Je ne dis pas que Satan n’existe pas : je dis que je ne crois pas en lui. Un Chrétien doit-il croire à Satan? Un Chrétien croit au Christ, pas au diable! 

 

Le critique, l’avocat de la Couronne

«Mais la Bible parle du Diable!». D’un côté, ce n’est guère surprenant parce que la croyance aux démons constitue un archétype universel. Mais d’un autre côté, Satan est discret dans l’Ancien Testament. Il faut fouiller longtemps avant de l’y trouver. On peut lire des livres entiers de l’Ancien Testament sans jamais y trouver la moindre allusion.

Job moqué par ses amis.
Miniature tirée des Très Riches Heures
du Duc de Berri, XVe siècle.


En fait, le seul livre de l’Ancien Testament où Satan est présent et actif est le livre de Job. Ma vision de Satan recoupe celle exprimée dans le livre de Job de l’Ancien Testament. Satan n’y est pas décrit comme un Ange déchu. Ce livre de Job est un conte spirituel, non un récit historique. Or, ce livre étonne : Satan et Dieu sont en bons termes qui discutent en se tutoyant! (Satan y est présenté comme «le satan» : l’auteur ne semble pas oser utiliser son nom). Satan semble même avoir le privilège de critiquer l’œuvre de Dieu. Le Seigneur s’informe de lui :
«D’où viens-tu?». Satan lui répond : «De parcourir la terre et d’y rôder». Le Seigneur reprit : «As-tu remarqué mon serviteur Job? Il n’a pas son pareil sur la terre : c’est un homme intègre et droit, qui craint Dieu et s’écarte du mal». «Facile!», rétorque Satan : Job a tout ce qu’il veut, ses entreprises fructifient et il est entouré de gens qui l’aiment. Satan est donc comme un critique qui est sceptique quant à la bonté de la Création (Genèse 1) : comme le fait dire Dostoïevski à son personnage Ivan Karamazov, «Ce n’est pas Dieu que je n’accepte pas, je n’accepte pas le monde qu’Il a créé». Satan est encore plus sceptique quant à la constance des humains – avouons que ces mêmes doutes nous assaillent souvent. Ainsi, Job n’est juste que parce qu’il mène une vie comblée! «Mais étends seulement la main, et touche à tout ce qu’il possède : je parie qu’il te maudira en face!». Le Seigneur relève le défi : «Soit! Tu as pouvoir sur tout ce qu’il possède, mais tu ne porteras pas la main sur lui». – je rappelle qu’il s’agit d’un conte spirituel : il ne faut pas l’interpréter comme un récit de faits historiques qui montrerait qu’un être humain n’est qu’un jouet pour le Seigneur et pour Satan! Donc, le Seigneur permet d’éprouver Job, et Satan n’y va pas de main morte : Job perd tout. Pire : plutôt que de le soutenir, ses amis viennent lui faire des remontrances – ne nous arrive-t-il pas d’avoir de tels amis ou d’être un tel ami pour notre prochain? Mais Job demeure fidèle et sa fortune sera rétablie.

Les souffrances de Job. 
Toile de Léon Bonnat, 1880


Satan n’a visiblement pas été entièrement convaincu. Il demeure dans le doute.
«Toi-même Seigneur, peut-être tomberais-tu si tu vivais les tentations terrestres?». Avant d’entreprendre sa vie publique, Jésus se retire donc au désert pour être à son tour éprouvé par Satan. Quelles épreuves? Pas combattre seul une légion romaine, ni affronter un puissant magicien. Pas déplacer une montagne, ni survivre à une bureaucratie en délire! Non. Des épreuves toutes simples: résister à la tentation du confort, à celle de la richesse matérielle et à celle du pouvoir. Hum, des épreuves où les humains (dont moi, mea culpa) échouent souvent en nourrissant le scepticisme de Satan. 

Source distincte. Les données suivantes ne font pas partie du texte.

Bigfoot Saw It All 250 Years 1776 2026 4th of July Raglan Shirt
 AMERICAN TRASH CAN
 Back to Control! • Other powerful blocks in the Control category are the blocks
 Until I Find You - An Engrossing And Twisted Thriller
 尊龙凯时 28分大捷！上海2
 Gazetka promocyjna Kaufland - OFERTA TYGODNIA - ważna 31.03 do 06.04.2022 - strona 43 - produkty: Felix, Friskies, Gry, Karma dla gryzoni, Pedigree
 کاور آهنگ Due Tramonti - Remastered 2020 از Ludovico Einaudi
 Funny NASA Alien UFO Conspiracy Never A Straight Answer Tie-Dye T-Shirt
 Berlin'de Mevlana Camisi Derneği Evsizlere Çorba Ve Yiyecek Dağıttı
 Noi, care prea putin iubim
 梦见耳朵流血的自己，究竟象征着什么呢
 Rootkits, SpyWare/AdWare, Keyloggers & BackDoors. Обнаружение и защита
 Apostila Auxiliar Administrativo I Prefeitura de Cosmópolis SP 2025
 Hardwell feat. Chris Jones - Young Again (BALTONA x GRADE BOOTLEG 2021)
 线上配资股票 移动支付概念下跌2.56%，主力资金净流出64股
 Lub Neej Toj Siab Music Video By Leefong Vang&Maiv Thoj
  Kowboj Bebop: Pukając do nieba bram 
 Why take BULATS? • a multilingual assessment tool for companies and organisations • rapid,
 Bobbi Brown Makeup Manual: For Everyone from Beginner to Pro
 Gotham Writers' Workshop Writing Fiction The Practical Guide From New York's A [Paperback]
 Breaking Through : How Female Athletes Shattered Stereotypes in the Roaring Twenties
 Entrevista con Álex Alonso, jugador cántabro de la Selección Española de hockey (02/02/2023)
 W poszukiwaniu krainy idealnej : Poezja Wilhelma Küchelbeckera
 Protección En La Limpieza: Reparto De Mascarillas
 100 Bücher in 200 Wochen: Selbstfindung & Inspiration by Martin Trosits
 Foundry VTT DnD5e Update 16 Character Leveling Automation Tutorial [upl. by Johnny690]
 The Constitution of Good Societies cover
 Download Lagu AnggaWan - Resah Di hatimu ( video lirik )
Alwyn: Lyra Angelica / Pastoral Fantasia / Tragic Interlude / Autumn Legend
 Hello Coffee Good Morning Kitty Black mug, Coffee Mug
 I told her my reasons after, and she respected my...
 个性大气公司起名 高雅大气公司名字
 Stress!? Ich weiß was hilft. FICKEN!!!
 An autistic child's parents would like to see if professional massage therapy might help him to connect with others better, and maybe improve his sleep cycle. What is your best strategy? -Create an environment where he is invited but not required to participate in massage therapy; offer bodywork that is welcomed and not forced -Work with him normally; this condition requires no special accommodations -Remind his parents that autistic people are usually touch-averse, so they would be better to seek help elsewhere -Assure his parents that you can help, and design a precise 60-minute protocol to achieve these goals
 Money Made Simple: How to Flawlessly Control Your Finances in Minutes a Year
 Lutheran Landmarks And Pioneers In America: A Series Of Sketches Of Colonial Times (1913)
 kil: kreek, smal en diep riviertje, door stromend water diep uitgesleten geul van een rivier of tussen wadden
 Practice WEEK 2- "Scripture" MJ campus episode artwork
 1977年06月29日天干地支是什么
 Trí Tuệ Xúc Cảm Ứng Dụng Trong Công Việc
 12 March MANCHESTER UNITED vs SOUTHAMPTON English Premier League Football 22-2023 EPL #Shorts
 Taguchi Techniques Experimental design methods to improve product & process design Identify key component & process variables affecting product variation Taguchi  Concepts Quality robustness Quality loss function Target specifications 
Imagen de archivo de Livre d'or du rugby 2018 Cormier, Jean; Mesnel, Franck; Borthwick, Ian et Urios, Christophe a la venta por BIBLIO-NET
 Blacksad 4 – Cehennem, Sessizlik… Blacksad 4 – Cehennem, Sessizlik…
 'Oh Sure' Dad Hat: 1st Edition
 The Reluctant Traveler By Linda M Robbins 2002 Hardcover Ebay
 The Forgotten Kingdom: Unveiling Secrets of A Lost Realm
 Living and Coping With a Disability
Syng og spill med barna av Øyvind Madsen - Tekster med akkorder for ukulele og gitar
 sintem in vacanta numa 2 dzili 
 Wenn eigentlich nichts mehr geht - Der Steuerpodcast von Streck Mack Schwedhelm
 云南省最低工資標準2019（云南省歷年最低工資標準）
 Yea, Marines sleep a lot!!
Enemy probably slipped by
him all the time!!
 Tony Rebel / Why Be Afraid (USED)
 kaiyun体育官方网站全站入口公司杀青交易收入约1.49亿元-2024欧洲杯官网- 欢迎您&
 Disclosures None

Jésus, lui, réussit. Mais comme Job, il essuiera des refus, des reniements, des trahisons de la part de son entourage. Comme Job toujours, il restera fidèle et accomplira sa mission jusqu’au bout. Au-delà même : par sa Résurrection, lui, «le Juste, justifiera les multitudes» (Isaïe 53, 11). Face à Satan procureur de la couronne, le Christ est notre avocat de la défense! 

 

Mani manigance

Représentation de Jésus comme
«prophète manichéen». Chine, XIIIe siècle


Cela ne signifie pas que le mal n'existe pas. Mais il n'y a pas le Bien et le Mal. La doctrine voulant que deux divinités opposées gouvernent le monde en une lutte permanente, le Bien et le Mal, n’est pas du tout chrétienne : elle provient du philosophe persan Mani qui l’a formulée au IIIe siècle. Mani s’inspirait lui-même de certaines religions antiques et aussi des courants gnostiques. Il y avait eu des courants gnostiques chrétiens dès le IIe siècle qui mariaient Évangile et ésotérisme. Poétique, hétéroclite et confus, le gnosticisme s’est exprimé dans de nombreux textes apocryphes qui n’ont jamais été reconnus comme canoniques, et pour cause. 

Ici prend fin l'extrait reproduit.